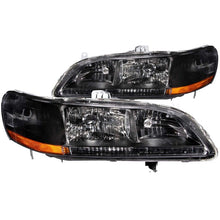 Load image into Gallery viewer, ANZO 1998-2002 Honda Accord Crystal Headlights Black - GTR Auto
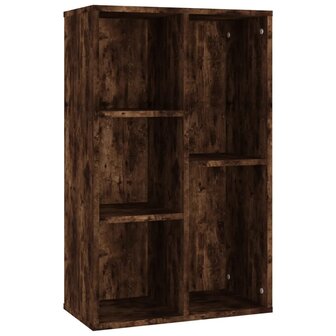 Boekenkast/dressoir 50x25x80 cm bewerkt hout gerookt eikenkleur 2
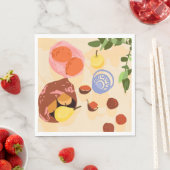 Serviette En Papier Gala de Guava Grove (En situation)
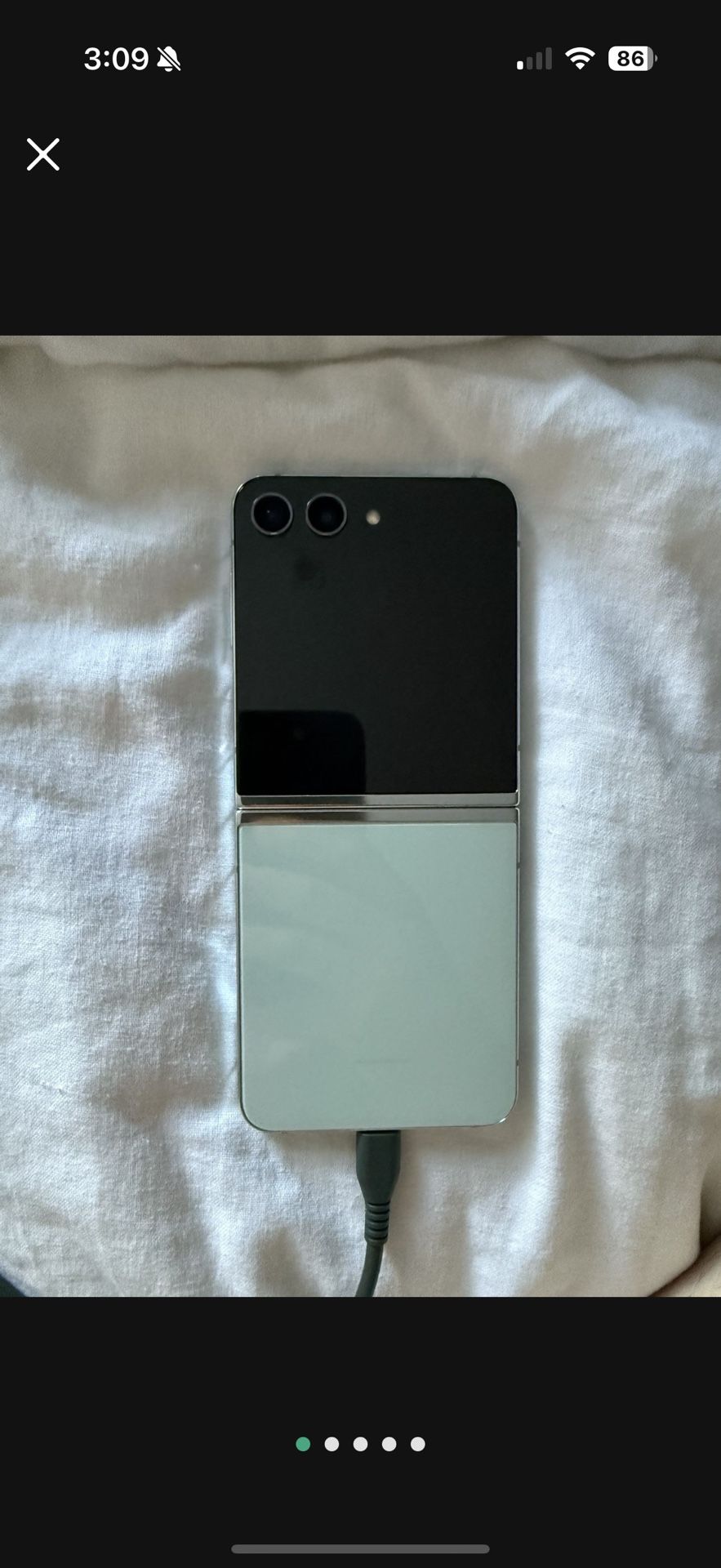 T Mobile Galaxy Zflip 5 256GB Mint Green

■ ■ ■ ■ ■ ■ ■

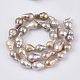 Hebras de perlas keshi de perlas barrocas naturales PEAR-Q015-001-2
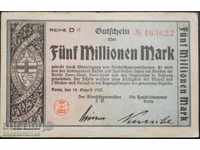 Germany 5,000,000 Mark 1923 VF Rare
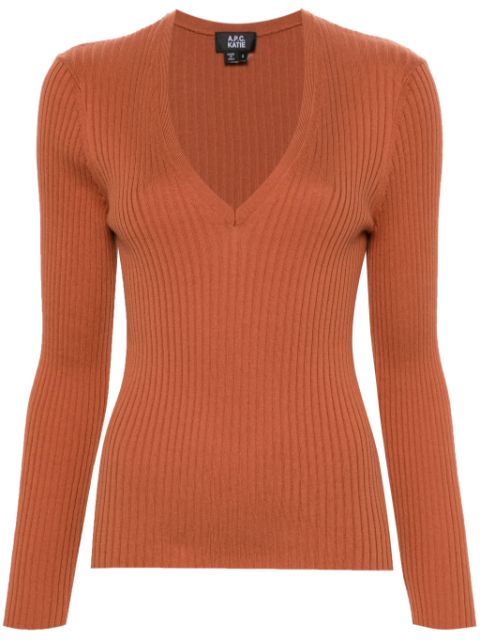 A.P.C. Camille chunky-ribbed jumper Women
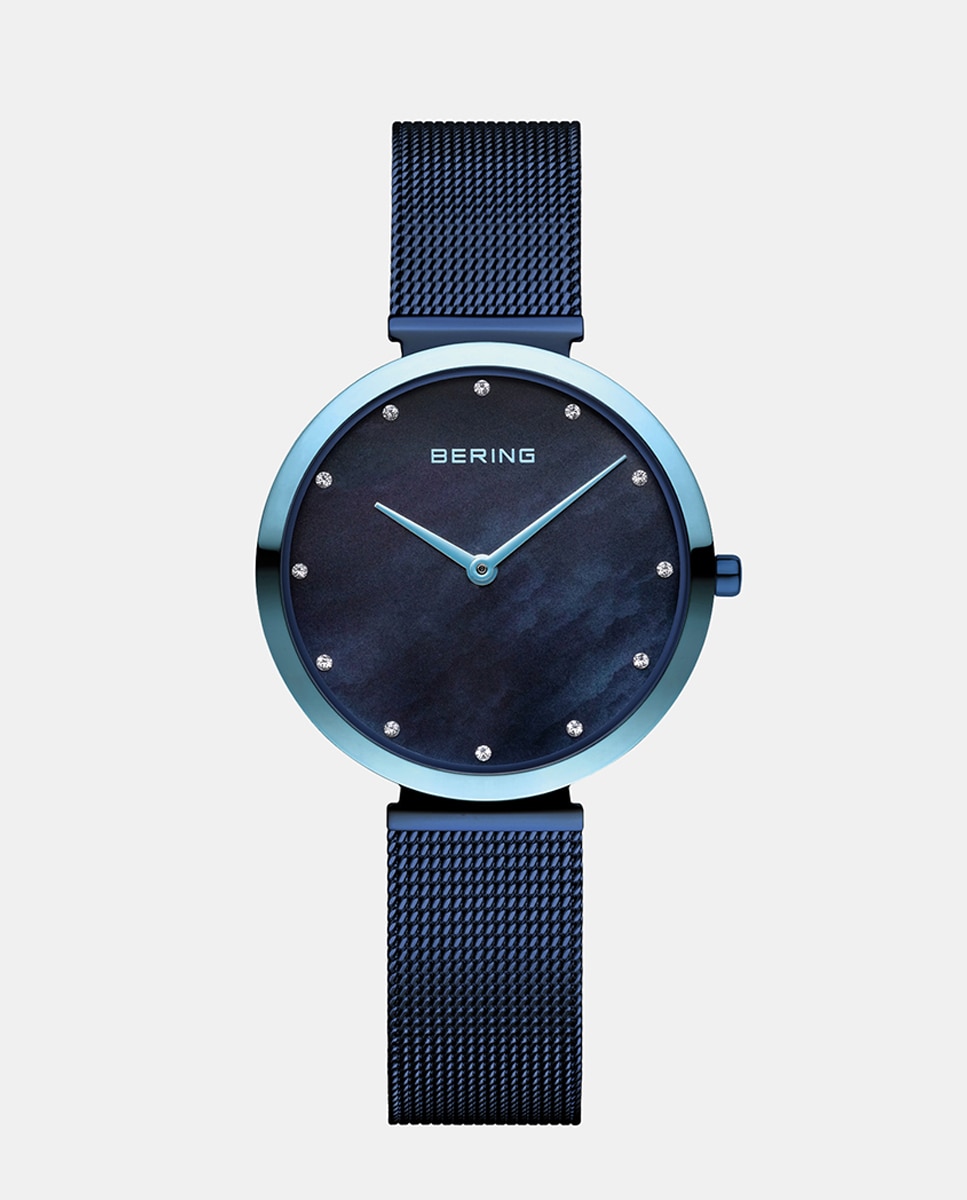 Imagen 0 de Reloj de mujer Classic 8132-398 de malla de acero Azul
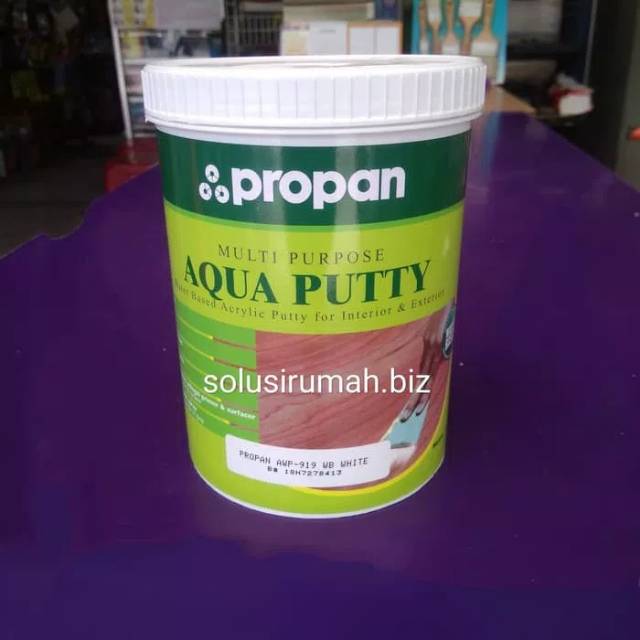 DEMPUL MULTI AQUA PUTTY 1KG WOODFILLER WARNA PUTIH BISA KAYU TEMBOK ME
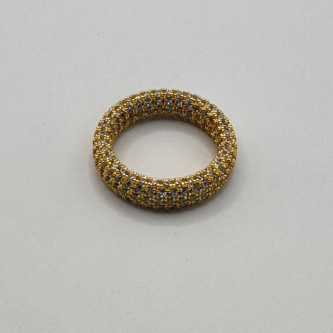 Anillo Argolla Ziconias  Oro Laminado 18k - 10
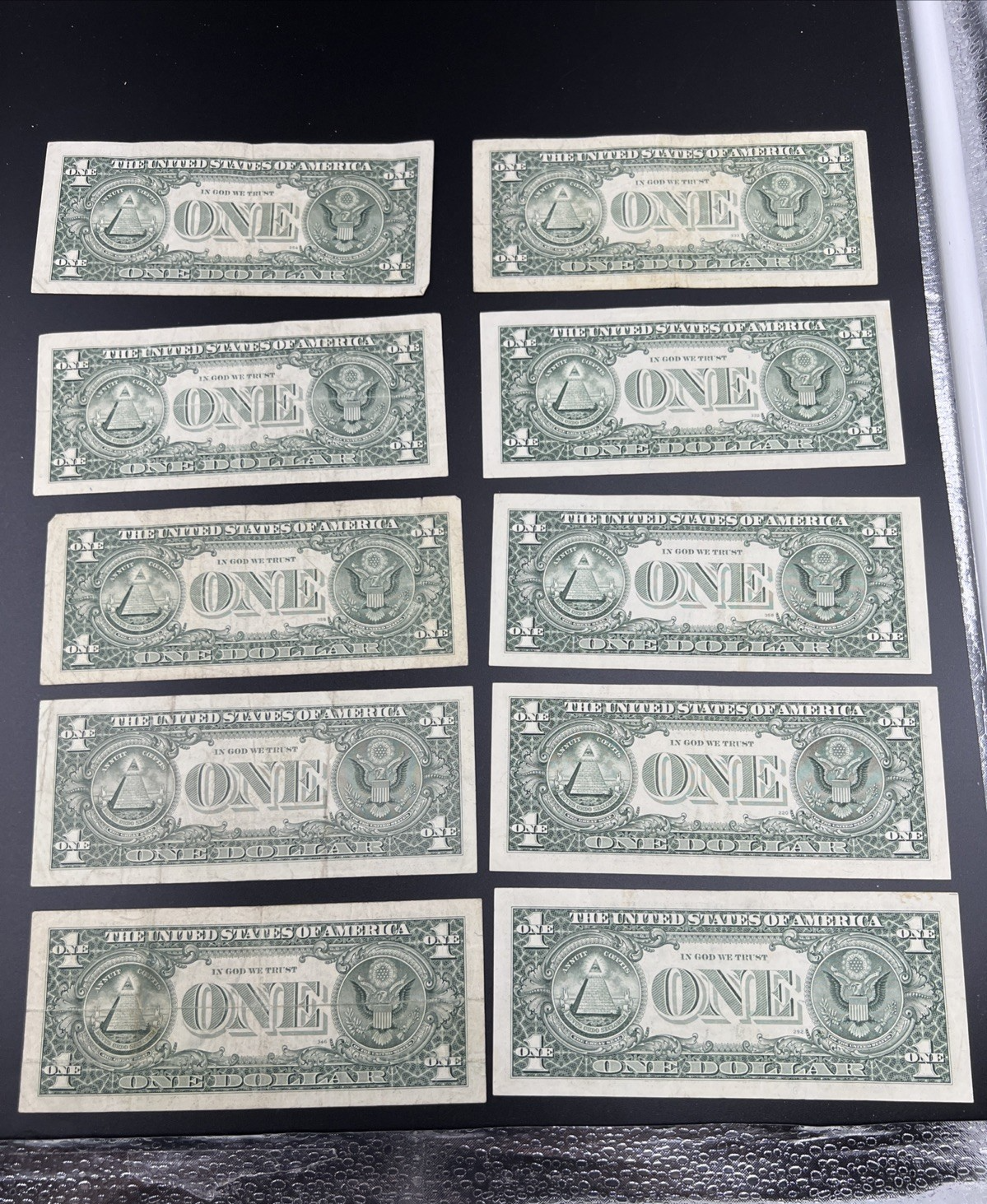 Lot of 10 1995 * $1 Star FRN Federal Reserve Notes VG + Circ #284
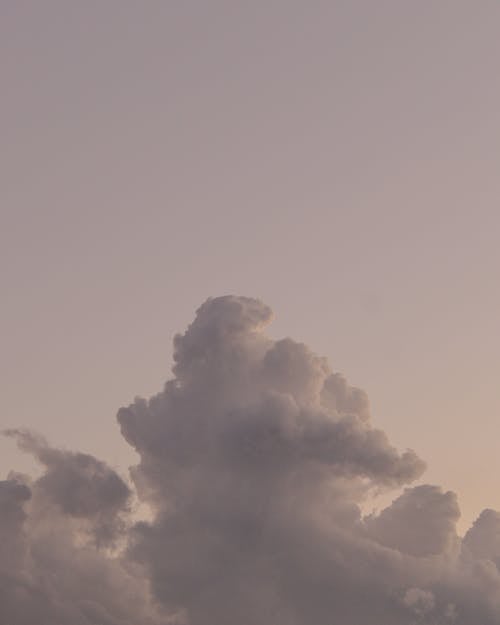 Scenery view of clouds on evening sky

■ ■ ■ ■ ■ ■ ■

- THE TASK -
Transcribe, from the material above, the stretch starting at the line with "Load image into" and ending at the line with "T Mobile Galaxy Zflip 5 256GB Mint Green", both included, exactly. Do not carry over pictures.

- FINISHED TASK -
 Load image into Gallery viewer, ANZO 1998-2002 Honda Accord Crystal Headlights Black - GTR Auto
 Boekenkast/dressoir 50x25x80 cm bewerkt hout gerookt eikenkleur 2
 Serviette En Papier Gala de Guava Grove (En situation)
 T Mobile Galaxy Zflip 5 256GB Mint Green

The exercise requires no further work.